A situação foi denunciada em postagem nas redes sociais e em vídeo gravado pelo deputado Neodi Saretta (PT) que apontou uma série de problemas estruturais na unidade escolar e afirmou ter solicitado ao Governo do Estado providências urgentes para corrigir as deficiências.
Segundo ele, o problema vai além da ausência de cobertura para proteção dos alunos em dias de chuva. O parlamentar relatou que estudantes cadeirantes também não conseguem acessar o laboratório de informática, localizado no segundo piso do prédio. Além disso, as rampas que dão acesso à biblioteca e ao setor pedagógico teriam inclinação inadequada, comprometendo a circulação com segurança e autonomia.
No vídeo, o deputado afirma que a inclusão não pode ficar apenas no discurso e defende que a escola receba intervenções imediatas para garantir condições mínimas de acessibilidade. Entre os pedidos encaminhados ao Governo do Estado, estão a instalação de cobertura no ponto de embarque e desembarque e melhorias estruturais em diferentes áreas da escola.

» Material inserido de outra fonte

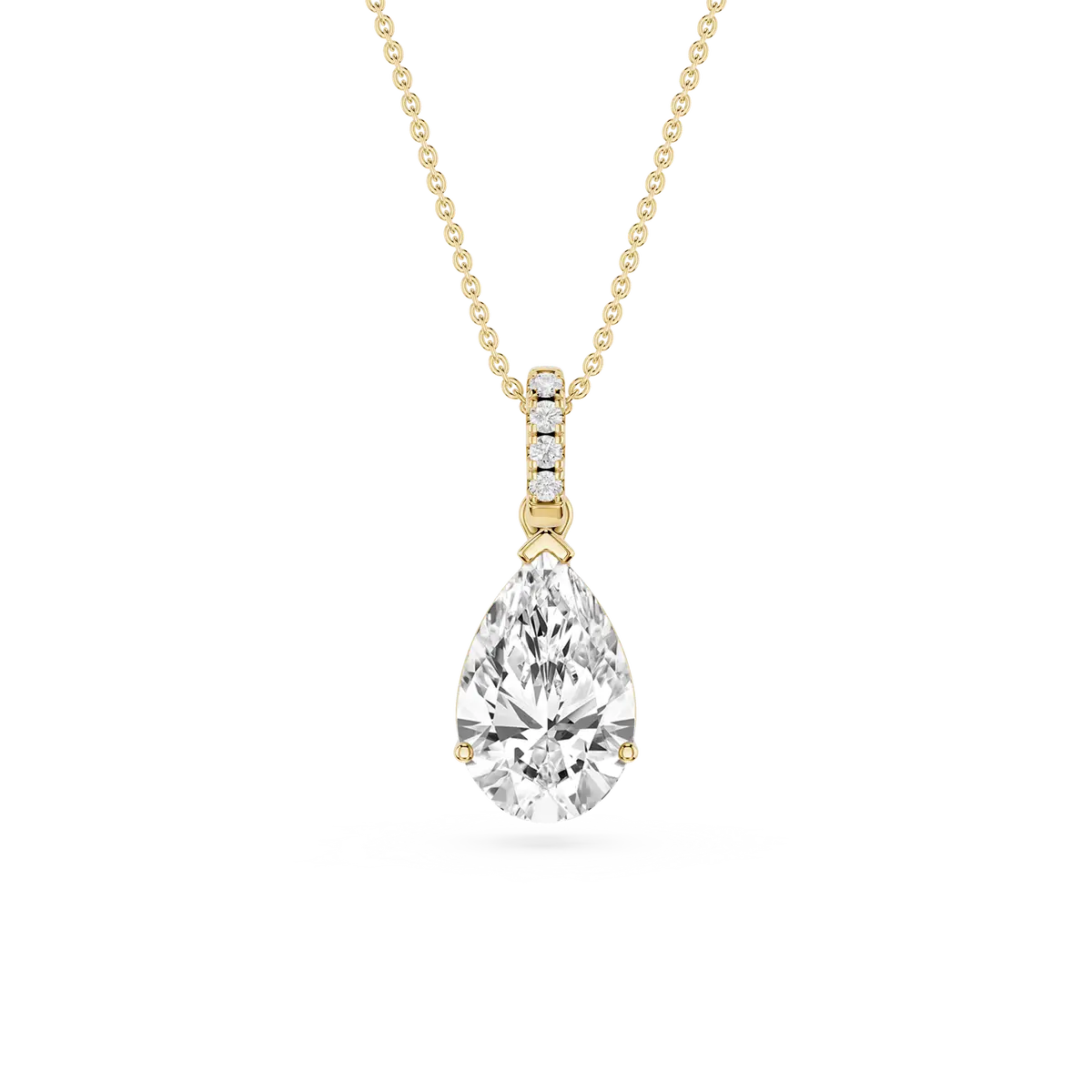 2 Carat Pear Lab Grown Diamond Hidden Halo Pendant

A Escola de Educação Básica Professor Olavo Cecco Rigon é uma das mais tradicionais de Concórdia e aparece há anos em registros públicos e reportagens locais como uma das maiores unidades da rede estadual no município e na regional.
A estrutura da escola já foi motivo de cobranças públicas em outros momentos, inclusive por necessidade de reformas e melhorias de acessibilidade, o que reforça que o debate não é novo.
O caso agora reacende a discussão sobre inclusão real no ambiente escolar. Para além do discurso institucional, a acessibilidade precisa estar presente na entrada da escola, na circulação interna e no acesso efetivo a todos os espaços de aprendizagem.